A Los Angeles Times story published Wednesday has revealed a rising undercurrent of hostility toward foreigners — in Mexico. And the foreigners? They’re mostly Americans.
Though American citizens have long been the largest segment represented in Mexico’s vital tourism industry, with resort destinations like Cancun, Acapulco, Cabo San Lucas, and Puerto Vallarta coming instantly to mind as premier vacation destinations, the trouble seems to be with the Americans who aren’t leaving. And the locals in Mexico City particularly are getting fed up.
“We’re the only brown people,” Fernando Bustos Gorozpe, a 38-year-old writer and university professor, observed during a recent visit with friends to a cafe, the Los Angeles Times reported. “We’re the only people speaking Spanish except the waiters.”
He couched his criticism of Americans living in the Mexican capital in phrasing that hearkens to the immigration controversy that has shaped American politics for over a decade, noting an “indifference as to how their actions are affecting locals.”
He also told the Times he believes that “Americans, many of whom are white, are reinforcing the city’s pervasive — if infrequently discussed — caste system.”
“Mexico is classist and racist,” Bustos added. “People with white skin are given preference. Now, if a local wants to go to a restaurant or a club, they don’t just have to compete with rich, white Mexicans but with foreigners too.”
Mexico City is being flooded by Americans — including legions of remote workers drawn by cheaper rents.
They’re transforming classic neighborhoods, the housing market and even racial dynamics.
More and more, locals are asking them to please go home.https://t.co/wivG6TDWTP
— Kate Linthicum (@katelinthicum) July 27, 2022
Speaking with Kate Linthicum of the Times, Bustos described a sensation oft-lamented in many southwestern cities by Americans of European descent: He had a realization that native Mexicans in many areas of the capital are becoming outnumbered.
The English language, while the lingua franca in much of the western world for over a century, has been slow to take hold south of the border — or at least it was. Linthicum wrote, “English — well, it’s everywhere: ringing out at supermarkets, natural wine bars and fitness classes in the park.”
Linthicum went on to describe large segments of the city which were largely depopulated or closed down following the cataclysmic 1985 Mexico City earthquake, now flourishing with an influx of Americans. Many of these people come from California and bring with them large sums of money, typically earned through the remote-work freelancing landscape of the ‘digital nomad’ culture.
These younger, untethered professionals, in taking advantage of the comparatively low rent prices coupled with their significantly higher income than locals, are able to live well and pump money into communities that are rapidly adapting in order to better cater to them.
Mexico News Daily referred to the situation unironically as a “foreign invasion” that has left Mexicans incensed over the “gentrification” of their traditional neighborhoods in the historic city.
Spanish-language publication Milenio described the situation (translated): “Loaded with suitcases with casual clothes, their laptop, a plane ticket and a good batch of dollars, thousands of Americans are crossing the Rio Grande to settle in neighborhoods that, although expensive for most Mexicans, offer many foreigners the possibility of spending less than in their countries,” the publication reported.

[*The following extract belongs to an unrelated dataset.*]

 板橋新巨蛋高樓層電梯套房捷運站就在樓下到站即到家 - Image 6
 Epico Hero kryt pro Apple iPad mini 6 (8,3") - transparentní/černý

“Fleeing the ravages of inflation that raised consumer and housing prices and the social consequences of COVID-19 , in this reverse migration they are not looking for jobs in our country, but rather take advantage of the high value of their dollars.”

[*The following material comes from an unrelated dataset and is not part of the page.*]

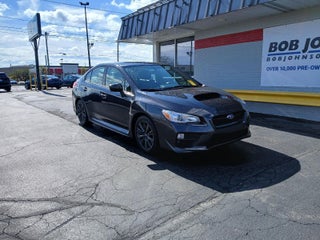 2017 Subaru WRX Manual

A common complaint is that businesses are switching signage and advertisements to English and that the approximately 1.6 million Americans staying in Mexico, according to the US State Department, are driving up prices for goods and services and edging out the Mexican locals in a city that they feel is becoming less and less theirs.

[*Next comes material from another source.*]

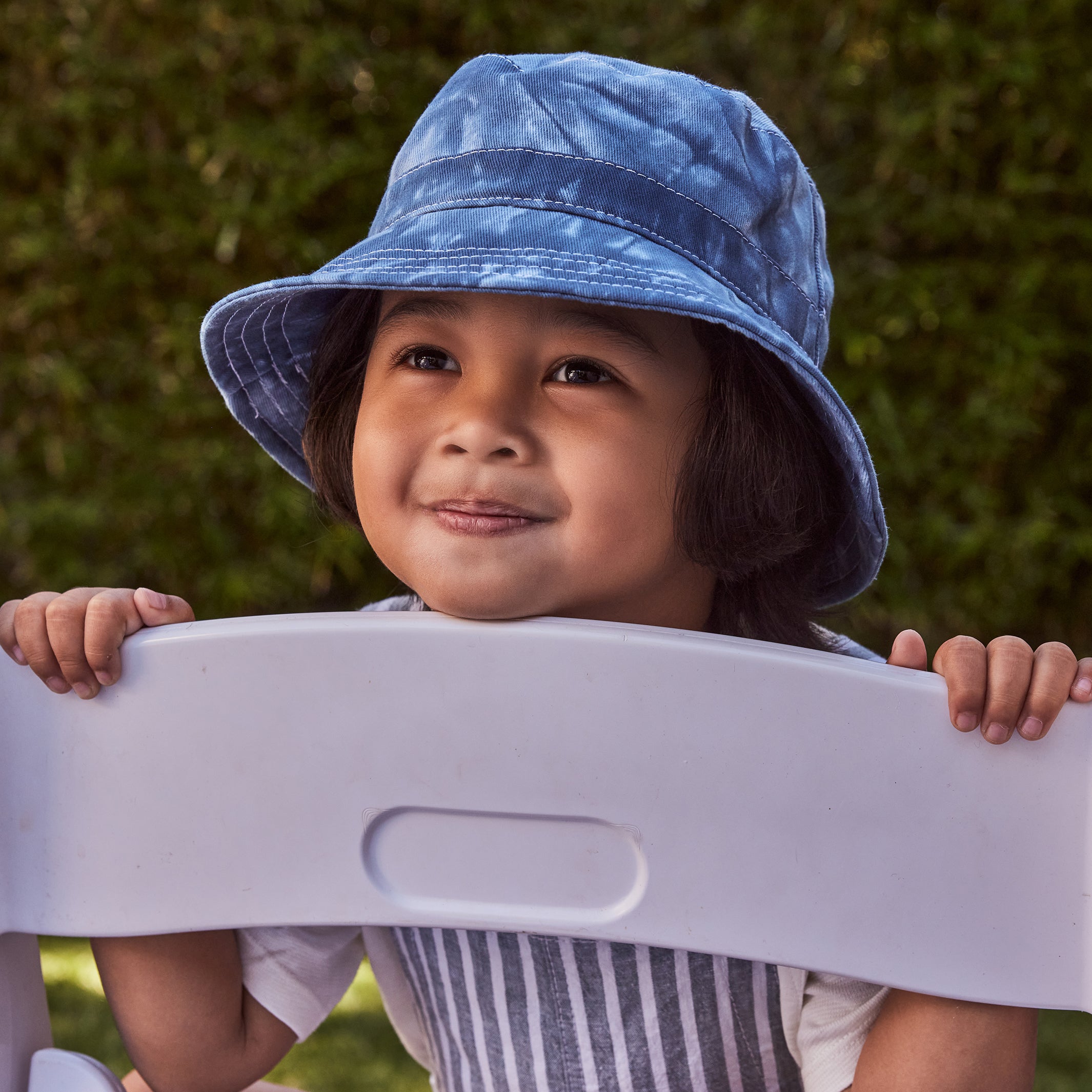 Brodie Bucket Hat Blue Cancer Council Shop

Christina Pushaw, press secretary for Florida Gov. Ron DeSantis, commented on the story with a recommendation to the Mexico City denizens: “Mexico, I have an idea for you. PLEASE BUILD THE WALL along our southern border.”
Mexico, I have an idea for you. PLEASE BUILD THE WALL along our southern border.
— Christina Pushaw 🐊 🇺🇸 (@ChristinaPushaw) July 27, 2022
The Mexican people who have become frustrated by the turn of events offered a blunt message to their new neighbors:
“New to the city? Working remotely?” vulgar posters appearing around the city read in English. “You’re a f***ing plague and the locals f***ing hate you. Leave.”